- Arkadiusz Milik wziął udział w dzisiejszej konferencji prasowej reprezentacji Polski
- 29-letni napastnik zabrał głos m.in. na temat pożegnania Jakuba Błaszczykowskiego
- Piłkarz zadeklarował też chęć pozostania w Juventusie, do którego jest wypożyczony z Marsylii
“Kluby rozmawiają i mam nadzieję, że dojdą do porozumienia”
Reprezentacja Polski przygotowuje się do dwóch meczów, które rozegra w czerwcu – najpierw towarzysko zmierzymy się z Niemcami (16 czerwca, godz. 20:45), a następnie w eliminacjach do EURO 2024 staniemy naprzeciwko Mołdawii (20 czerwca, godz. 20:45). W środowej konferencji prasowej udział wziął Arkadiusz Milik, który wypowiedział się m.in. o pożegnaniu Jakuba Błaszczykowskiego, swojej przyszłości czy początku współpracy z Fernando Santosem.
– Pojutrze czeka nas wyjątkowy dzień nie tylko ze względu na to, że gramy z fantastyczną reprezentacją, na własnym stadionie, przy pełnych trybunach, ale również będzie to pożegnanie i uhonorowanie wielkiego piłkarza (Jakuba Błaszczykowskiego – przyp. red.).

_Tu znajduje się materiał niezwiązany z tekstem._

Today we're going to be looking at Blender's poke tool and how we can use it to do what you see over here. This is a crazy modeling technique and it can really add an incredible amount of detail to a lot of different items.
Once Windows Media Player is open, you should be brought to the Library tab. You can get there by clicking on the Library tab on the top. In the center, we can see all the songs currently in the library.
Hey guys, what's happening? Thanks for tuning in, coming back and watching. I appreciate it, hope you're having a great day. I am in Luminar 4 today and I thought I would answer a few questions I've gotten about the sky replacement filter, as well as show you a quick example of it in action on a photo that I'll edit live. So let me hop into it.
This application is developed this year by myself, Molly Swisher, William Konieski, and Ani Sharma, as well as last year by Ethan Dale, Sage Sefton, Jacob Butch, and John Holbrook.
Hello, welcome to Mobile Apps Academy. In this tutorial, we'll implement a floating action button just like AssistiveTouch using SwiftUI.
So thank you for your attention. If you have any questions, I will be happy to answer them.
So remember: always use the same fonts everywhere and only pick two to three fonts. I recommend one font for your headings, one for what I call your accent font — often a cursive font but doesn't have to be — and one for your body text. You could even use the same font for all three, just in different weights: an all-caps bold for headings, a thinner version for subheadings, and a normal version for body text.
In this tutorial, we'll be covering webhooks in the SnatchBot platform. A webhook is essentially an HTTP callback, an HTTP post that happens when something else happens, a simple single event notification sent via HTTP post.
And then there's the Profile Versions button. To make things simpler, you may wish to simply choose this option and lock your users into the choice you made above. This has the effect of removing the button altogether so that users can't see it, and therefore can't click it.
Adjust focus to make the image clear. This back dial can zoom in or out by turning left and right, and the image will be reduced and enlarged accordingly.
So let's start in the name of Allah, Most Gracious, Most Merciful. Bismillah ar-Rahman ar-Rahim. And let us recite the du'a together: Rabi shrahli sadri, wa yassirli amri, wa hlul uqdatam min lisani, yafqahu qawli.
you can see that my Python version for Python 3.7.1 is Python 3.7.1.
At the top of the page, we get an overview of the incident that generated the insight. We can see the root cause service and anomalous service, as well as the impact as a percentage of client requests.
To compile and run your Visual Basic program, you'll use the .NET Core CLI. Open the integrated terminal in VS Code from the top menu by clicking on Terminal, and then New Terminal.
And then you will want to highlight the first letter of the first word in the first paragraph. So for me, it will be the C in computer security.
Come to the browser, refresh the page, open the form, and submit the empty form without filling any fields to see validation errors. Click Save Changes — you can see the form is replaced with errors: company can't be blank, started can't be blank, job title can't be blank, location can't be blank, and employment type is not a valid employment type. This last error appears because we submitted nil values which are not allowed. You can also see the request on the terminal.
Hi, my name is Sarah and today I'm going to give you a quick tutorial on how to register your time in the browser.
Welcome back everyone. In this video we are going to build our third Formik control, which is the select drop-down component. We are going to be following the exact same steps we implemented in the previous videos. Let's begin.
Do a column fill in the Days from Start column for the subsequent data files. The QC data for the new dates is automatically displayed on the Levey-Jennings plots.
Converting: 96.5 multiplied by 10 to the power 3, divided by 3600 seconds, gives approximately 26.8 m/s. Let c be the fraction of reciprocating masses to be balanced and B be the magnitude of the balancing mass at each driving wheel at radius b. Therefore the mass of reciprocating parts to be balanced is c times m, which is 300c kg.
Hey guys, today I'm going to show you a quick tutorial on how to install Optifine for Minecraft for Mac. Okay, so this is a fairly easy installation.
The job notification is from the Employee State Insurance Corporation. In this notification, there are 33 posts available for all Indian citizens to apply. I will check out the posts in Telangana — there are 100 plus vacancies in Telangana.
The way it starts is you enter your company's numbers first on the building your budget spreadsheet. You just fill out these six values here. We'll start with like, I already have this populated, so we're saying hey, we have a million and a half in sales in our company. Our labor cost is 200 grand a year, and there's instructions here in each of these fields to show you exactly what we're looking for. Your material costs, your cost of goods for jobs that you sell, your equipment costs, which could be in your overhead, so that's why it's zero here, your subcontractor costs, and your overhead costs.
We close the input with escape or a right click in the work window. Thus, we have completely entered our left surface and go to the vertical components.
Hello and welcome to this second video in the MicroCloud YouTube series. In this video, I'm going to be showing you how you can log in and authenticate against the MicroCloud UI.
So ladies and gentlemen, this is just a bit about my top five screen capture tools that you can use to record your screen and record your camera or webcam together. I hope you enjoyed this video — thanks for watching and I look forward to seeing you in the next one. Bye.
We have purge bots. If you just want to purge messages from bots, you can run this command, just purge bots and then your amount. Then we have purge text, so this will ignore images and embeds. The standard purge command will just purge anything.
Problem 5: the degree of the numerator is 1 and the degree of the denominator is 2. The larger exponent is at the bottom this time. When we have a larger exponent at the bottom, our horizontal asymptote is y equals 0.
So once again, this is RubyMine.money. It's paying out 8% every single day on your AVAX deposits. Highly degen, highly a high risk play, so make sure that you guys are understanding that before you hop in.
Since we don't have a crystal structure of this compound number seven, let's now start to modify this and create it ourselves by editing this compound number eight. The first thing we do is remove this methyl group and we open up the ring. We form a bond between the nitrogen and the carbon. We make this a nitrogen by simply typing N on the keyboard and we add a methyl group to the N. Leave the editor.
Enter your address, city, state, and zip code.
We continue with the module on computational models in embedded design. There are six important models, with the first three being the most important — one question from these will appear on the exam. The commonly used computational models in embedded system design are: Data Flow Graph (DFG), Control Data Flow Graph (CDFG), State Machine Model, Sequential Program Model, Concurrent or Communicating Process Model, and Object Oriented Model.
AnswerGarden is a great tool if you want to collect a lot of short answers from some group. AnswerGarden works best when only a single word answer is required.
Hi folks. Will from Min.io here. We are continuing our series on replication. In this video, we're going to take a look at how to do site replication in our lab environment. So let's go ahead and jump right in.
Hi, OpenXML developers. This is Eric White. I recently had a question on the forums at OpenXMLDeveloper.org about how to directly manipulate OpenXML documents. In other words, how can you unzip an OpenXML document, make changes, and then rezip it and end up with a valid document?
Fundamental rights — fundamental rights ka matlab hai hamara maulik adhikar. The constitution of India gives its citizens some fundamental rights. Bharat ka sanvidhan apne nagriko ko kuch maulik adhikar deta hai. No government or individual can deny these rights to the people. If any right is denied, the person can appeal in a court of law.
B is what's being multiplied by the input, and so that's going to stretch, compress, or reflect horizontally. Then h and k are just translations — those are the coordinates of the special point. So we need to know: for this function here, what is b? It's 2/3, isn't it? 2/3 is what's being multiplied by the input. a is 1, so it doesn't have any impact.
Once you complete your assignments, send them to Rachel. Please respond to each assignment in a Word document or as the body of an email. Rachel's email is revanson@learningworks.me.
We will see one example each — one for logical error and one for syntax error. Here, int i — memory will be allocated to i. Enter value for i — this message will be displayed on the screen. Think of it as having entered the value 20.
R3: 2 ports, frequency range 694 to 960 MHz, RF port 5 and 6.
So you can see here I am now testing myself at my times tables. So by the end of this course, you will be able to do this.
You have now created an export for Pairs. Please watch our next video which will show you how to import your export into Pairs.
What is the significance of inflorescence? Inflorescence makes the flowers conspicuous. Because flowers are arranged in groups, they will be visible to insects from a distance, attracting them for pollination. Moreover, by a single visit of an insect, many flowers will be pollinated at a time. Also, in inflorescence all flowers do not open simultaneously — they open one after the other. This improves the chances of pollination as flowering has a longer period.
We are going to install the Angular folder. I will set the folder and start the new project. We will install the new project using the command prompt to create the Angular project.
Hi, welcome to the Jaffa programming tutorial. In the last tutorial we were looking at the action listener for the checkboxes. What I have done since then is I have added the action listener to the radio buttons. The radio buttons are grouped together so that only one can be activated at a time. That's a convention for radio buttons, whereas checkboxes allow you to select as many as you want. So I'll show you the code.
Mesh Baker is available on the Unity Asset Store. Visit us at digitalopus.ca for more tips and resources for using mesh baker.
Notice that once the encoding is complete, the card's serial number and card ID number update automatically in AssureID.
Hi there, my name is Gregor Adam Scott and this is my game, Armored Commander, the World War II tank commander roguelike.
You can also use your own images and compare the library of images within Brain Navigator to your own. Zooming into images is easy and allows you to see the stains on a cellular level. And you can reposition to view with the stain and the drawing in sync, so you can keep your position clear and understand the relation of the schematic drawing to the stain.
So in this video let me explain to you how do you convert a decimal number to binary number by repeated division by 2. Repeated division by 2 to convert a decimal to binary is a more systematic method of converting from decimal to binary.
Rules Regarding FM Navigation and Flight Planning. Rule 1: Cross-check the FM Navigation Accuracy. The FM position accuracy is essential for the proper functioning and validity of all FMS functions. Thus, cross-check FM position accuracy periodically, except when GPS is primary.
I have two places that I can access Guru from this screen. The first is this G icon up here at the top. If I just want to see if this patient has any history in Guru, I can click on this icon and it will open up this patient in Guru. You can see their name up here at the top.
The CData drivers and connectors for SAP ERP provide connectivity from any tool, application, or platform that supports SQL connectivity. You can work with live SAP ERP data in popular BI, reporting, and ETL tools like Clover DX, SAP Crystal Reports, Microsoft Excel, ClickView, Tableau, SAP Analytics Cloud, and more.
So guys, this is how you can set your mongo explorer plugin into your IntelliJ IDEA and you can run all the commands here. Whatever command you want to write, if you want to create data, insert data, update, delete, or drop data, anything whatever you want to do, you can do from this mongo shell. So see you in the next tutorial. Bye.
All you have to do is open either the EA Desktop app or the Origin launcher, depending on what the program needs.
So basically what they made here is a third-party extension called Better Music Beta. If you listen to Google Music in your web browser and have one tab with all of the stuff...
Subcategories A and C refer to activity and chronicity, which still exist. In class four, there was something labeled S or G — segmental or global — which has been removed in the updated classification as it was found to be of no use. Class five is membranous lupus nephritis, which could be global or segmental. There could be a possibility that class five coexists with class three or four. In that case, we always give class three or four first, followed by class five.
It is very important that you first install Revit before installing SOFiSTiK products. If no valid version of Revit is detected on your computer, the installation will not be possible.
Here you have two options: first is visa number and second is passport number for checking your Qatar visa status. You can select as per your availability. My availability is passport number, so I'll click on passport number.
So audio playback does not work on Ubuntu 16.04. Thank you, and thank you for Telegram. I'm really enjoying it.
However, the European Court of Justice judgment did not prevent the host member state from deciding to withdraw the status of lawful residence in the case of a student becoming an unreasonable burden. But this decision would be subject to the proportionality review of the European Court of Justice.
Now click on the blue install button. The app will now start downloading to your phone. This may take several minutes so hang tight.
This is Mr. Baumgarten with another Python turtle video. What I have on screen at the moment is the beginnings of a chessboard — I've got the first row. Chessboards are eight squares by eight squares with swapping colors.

Z jednej strony na pewno się z tego cieszę, a z drugiej troszeczkę mniej, bo wiemy, że czas ucieka i prędzej czy później wielu zawodników będzie musiało kończyć swoje kariery – mówi Arkadiusz Milik.
– Miałem bardzo dobry początek w Juventusie, pod koniec stycznia złapałem kontuzję, która na półtora czy dwa miesiące wykluczyła mnie z gry, więc później miałem problem z powrotem na poziom, na którym byłem i przeplatałem dobre mecze tymi słabszymi. Nie był to łatwy sezon dla Juventusu, szczególnie że mieliśmy z tyłu głowy, że mogą nam odjąć punkty – dodał napastnik.
– Przyszłość? Kluby rozmawiają i mam nadzieję, że dojdą do porozumienia. Ja czuję się dobrze w Juventusie, trener mnie chce, więc zobaczymy, czy zostanie osiągnięte porozumienie – przyznał.
– Budujemy nową reprezentację z nowym selekcjonerem i na pewno wiele się zmieni. Miejmy nadzieję, że na dobre. Kolejny sprawdzian przed nami w piątek. Fernando Santos ma bardzo duże doświadczenie, spokój w prowadzeniu zespołu, w organizacji gry, w koncentracji na treningu. Na razie ciężko powiedzieć mi coś więcej, bo odbyłem dopiero dwa treningi – zakończył.